- Native name: چوزيف معوض
- Church: Maronite Church
- Diocese: Eparchy of Zahleh
- Appointed: 14 March 2015
- Predecessor: Mansour Hobeika
- Previous posts: Titular Eparch of Ptolemais in Phoenicia (2012-2015) Curial Bishop of Antioch (2012-2015)

Orders
- Ordination: 13 August 1995
- Consecration: 28 July 2012 by Bechara Boutros al-Rahi

Personal details
- Born: 26 March 1970 (age 56) Mayfouq, Mount Lebanon Governorate, Lebanon

= Joseph Mouawad =

Lebanese Catholic priest (born 1970)

Joseph Mouawad (born 26 March 1970 in Mayfouq, Lebanon) is the current eparch of the Maronite Catholic Eparchy of Zahleh in Lebanon.

==Life==

Joseph Mouawad received his priestly ordination on 13 August 1995.

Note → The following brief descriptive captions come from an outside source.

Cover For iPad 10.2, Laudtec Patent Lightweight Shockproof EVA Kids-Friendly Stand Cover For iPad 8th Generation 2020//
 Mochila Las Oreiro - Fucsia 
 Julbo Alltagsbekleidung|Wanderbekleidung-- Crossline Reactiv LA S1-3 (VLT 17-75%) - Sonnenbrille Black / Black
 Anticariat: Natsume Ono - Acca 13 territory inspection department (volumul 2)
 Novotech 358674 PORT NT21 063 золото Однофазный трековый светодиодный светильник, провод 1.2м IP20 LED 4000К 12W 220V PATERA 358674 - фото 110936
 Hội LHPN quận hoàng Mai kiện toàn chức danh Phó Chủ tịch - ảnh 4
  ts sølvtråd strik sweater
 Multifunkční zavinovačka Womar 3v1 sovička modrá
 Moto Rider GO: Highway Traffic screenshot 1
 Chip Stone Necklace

Pope Benedict XVI confirmed his appointment as Curial Bishop of Antioch and appointed him on 16 June 2012 Titular bishop of Ptolemais in Phoenicia dei Maroniti. Maronite Patriarch of Antioch, Cardinal Bechara Boutros al-Rahi, OMM ordained him on 28 July of the same year to the episcopate. His co-consecrators were Samir Mazloum, retired Curial Bishop of Antioch, Guy-Paul Noujaim, emeritus Curial Bishop in Joubbé, Sarba and Jounieh, Paul Youssef Matar, Archeparch of Beirut, Francis Némé Baïssari, Emeritus Auxiliary Bishop in Joubbé, Sarba and Jounieh, Paul Nabil El-Sayah, Curial Bishop of Antioch, Joseph Mohsen Béchara, Archbishop Emeritus of Antelias, Simon Atallah, OAM, Eparch of Baalbek-Deir El-Ahmar, François Eid, OMM, procurator of the Maronite Patriarch at the Holy See, Edgard Madi, Eparch of Nossa Senhora do Líbano em São Paulo, and Michel Aoun, Eparch of Byblos.

Mouawad was named Eparch of Zahleh on 14 March 2015.